Вот сегодня я наблюдаю дикий страх перед любым действием, любой инициативой. Этот страх не только у власти, не только у правительства, а этот страх у оппозиции. «А если после Путина будет хуже?» Кстати говоря, в Зимбабве тоже сейчас огромная вышла демонстрация людей, которые уверены, что после Мугабе будет хуже. Хотя я уж не знаю… Мугабе все-таки не Путин, он значительно хуже во многих отношениях (не сочтите это за попытки делать комплименты российской власти). Ну, это потому, что Россия — далеко не Зимбабве: традиция другая, ну просто другой континент и климат другой. Вот там тоже очень много людей, которые боятся, что без Мугабе будет хуже. И есть, вы знаете, идея обеспечить ему посмертное правление, потому что им, видимо, кажется, что хорошая власть — это мертвая власть. Вот до чего он уже их довел.
Проблема в том, что действительно панический страх любых перемен — вот в этом главная проблема сегодняшней России, обжегшейся на всем, — он наблюдается и слева, и справа, и у консерваторов, и у либералов, и у власти, и у оппозиции, потому что все только клянутся и молятся, чтобы не случилась революция. А почему? А тогда уже в Турцию не больно-то поедешь, да и тушенки не больно-то покушаешь. И разумеется, панический страх, что исчезнет жалкая стабильность, что отберут жалкие накопления. Ну, здесь остается только повторять: Господа, неужели вы рассчитываете жить вечно? Вы все равно умрете. Понимаете? И поэтому вот это цепляние за жалкие приметы стабильности — оно довольно смешно.

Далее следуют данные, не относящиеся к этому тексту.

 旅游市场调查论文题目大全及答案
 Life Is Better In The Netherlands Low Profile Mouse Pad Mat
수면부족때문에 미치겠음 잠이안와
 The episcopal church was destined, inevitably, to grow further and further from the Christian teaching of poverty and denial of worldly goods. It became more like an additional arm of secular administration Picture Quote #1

Да, конечно, при желании можно любую педагогику заболтать. Да, при желании можно из детской газеты любой, которую сами дети будут делать, сделать голимую графоманию. Это бывает. Но обратите внимание и на то, что ведь продукт-то не самоценен. Не важно, какая это будет газета, а важно, какая это будет среда. Да, наверное, в «Алом парусе» и в «Комсомольской правде» был довольно высокий процент конъюнктурных материалов, но оттуда вышли Щекочихин, Хлебников Олег, в каком-то смысле и Муратов.

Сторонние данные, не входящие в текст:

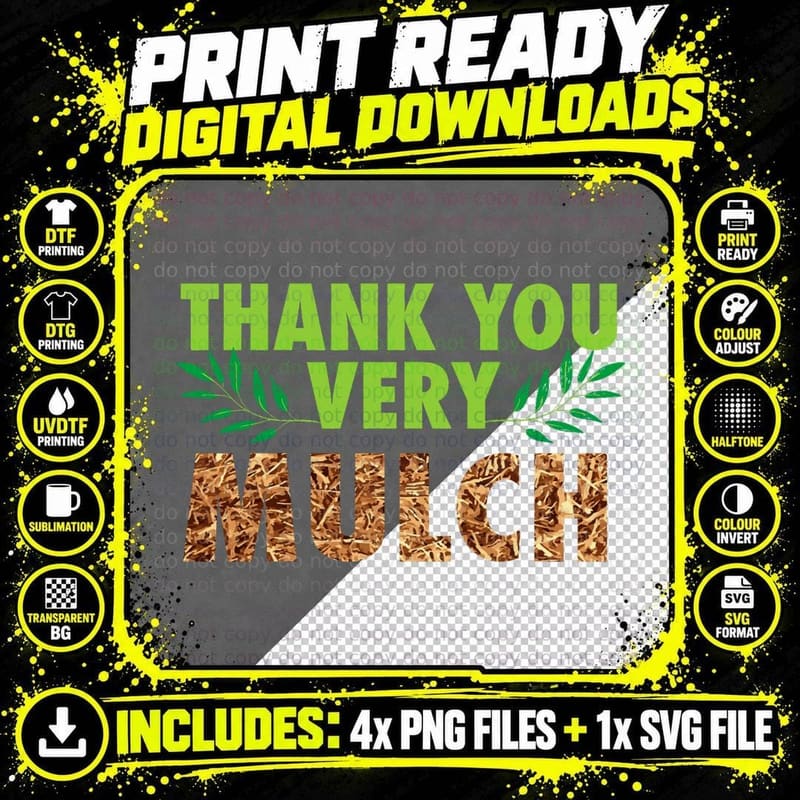 Thank You Very Mulch Funny Spring Gardening Garden Pun Png SVG Digital Bundle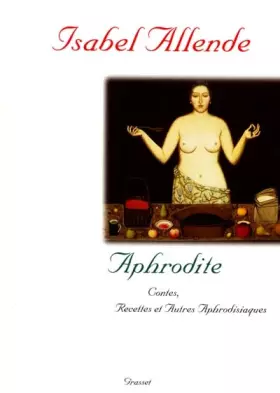 Couverture du produit · Aphrodite : contes, recettes, et autres aphrodisiaques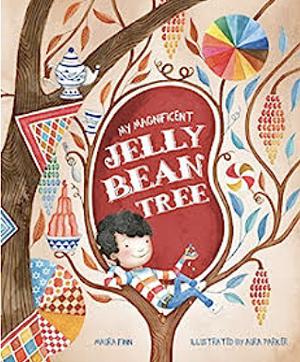 My Magnificent Jelly Bean Tree by Aura Parker, Maura Finn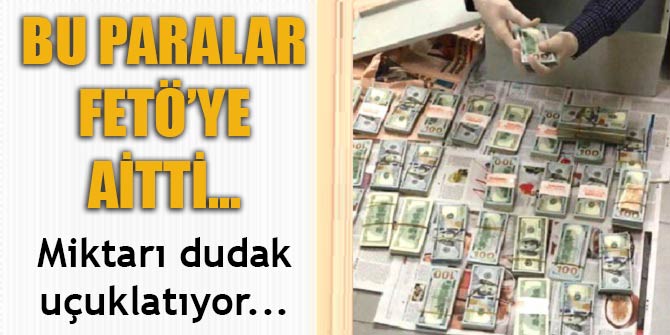 Bu paralar FETÖ'ye aitti... Miktarı dudak uçuklatıyor...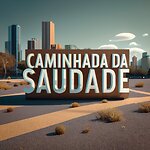 Caminhada da Saudade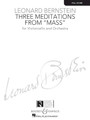 Three Meditations from Mass for Violoncello and Orchestra
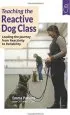 Audiobook Teaching the Reactive dog Class: Leading the Journey From Reactivity to the Reliability author Emma Parsons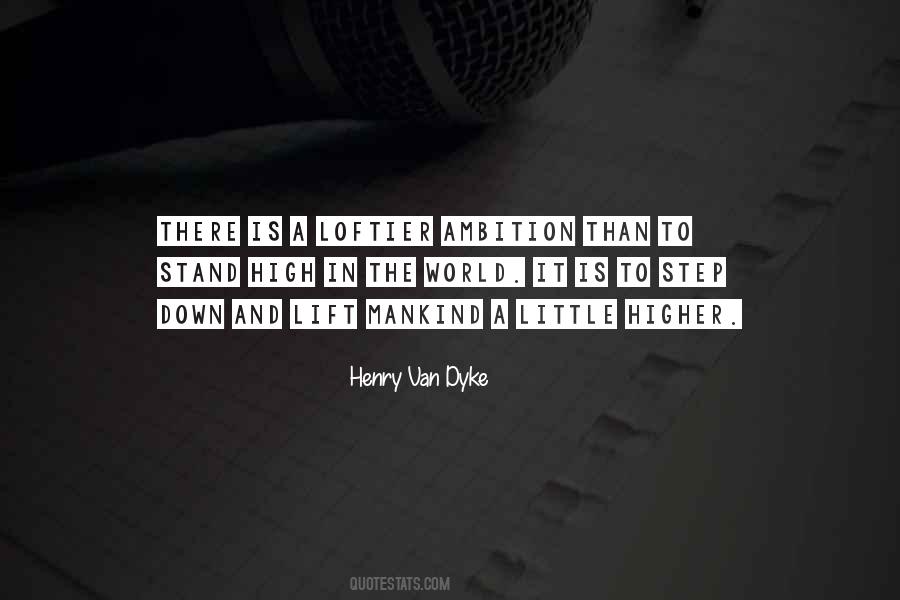 Henry Van Dyke Quotes #223437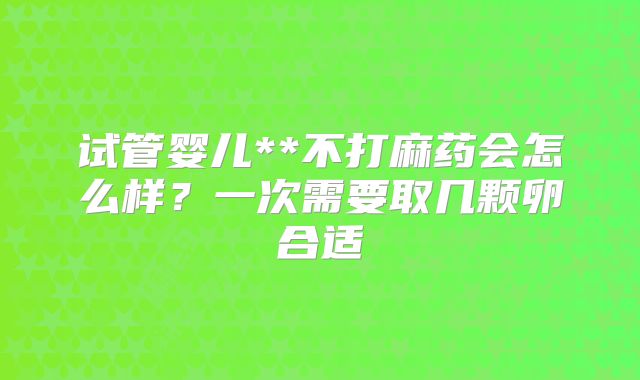 试管婴儿**不打麻药会怎么样?一次需要取几颗卵合适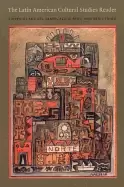 Image of latin american cultural studies reader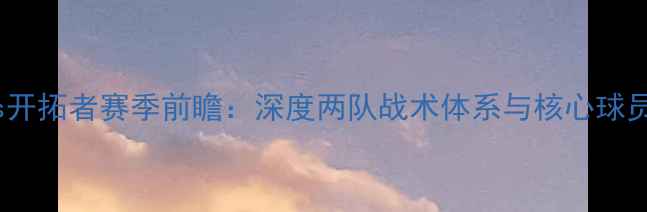 图片 奇才vs开拓者赛季前瞻：深度两队战术体系与核心球员对决2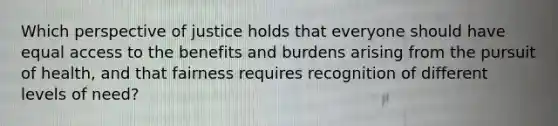 Which perspective of justice holds that everyone should have equal access to the benefits and burdens arising from the pursuit of health, and that fairness requires recognition of different levels of need?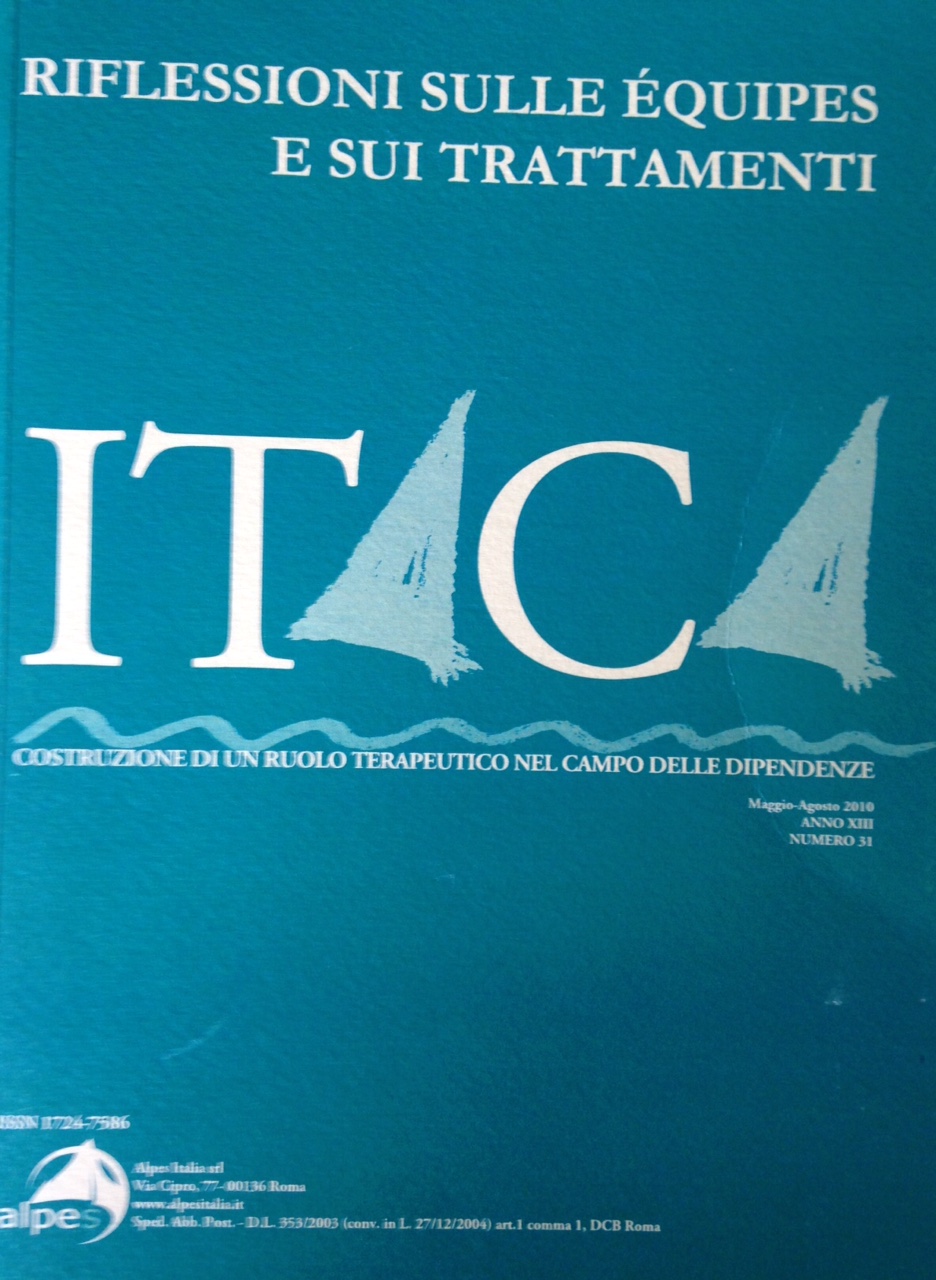 ITACA  
Riflessione sulle équipes e sui trattamenti
ANNO XIII N. 31
Maggio - Agosto 2010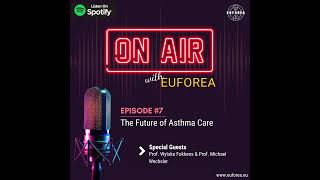 Episode 7 The Future of Asthma Care [upl. by Broder435]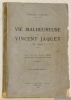 Vie malheureuse de Vincent Jaquet de Vesin. Texte revu par Arthur Brasey rédacteur de l’Indépendant de Fribourg.. JAQUET, Vincent.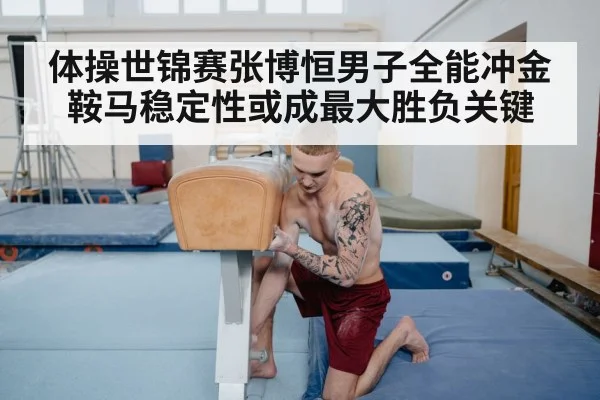 体操世锦赛张博恒男子全能冲金鞍马稳定性或成最大胜负关键（c7c7.app）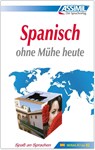 ASSiMiL Spanisch ohne Mühe heute - Lehrbuch - Niveau A1-B2 - Assimil Gmbh - 9783896250476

Меня тут очень много спрашивают, как я отношусь к решению Муратова. Да положительно отношусь. Вот тут Ширвиндт в нашем диалоге сказал: «Тринадцать руководителей московских театров в сумме старше, чем Москва». Ну, это катастрофа, когда человек не уходит вовремя. Понимаете? И Муратов — я не знаю, вернется он, не вернется. Он перешел на другую должность, он не ушел из газеты, но он совершенно правильно, очень глубоко и своевременно задумался о том, что надо в какой-то момент, простите, готовить себе смену. Это обязанность руководителя, а не вечно, как правильно когда-то сказала одна поэтессе, «ягодицами вцепляться в кресло», «вгрызаться в кресло». Сказала, что один из руководителей Москвы попой вгрызся. Меня поразило! Зачем вгрызаться-то? Ну, не для этого нам власть дается. Поэтому у меня есть ощущение, что муратовский метод глубоко верен.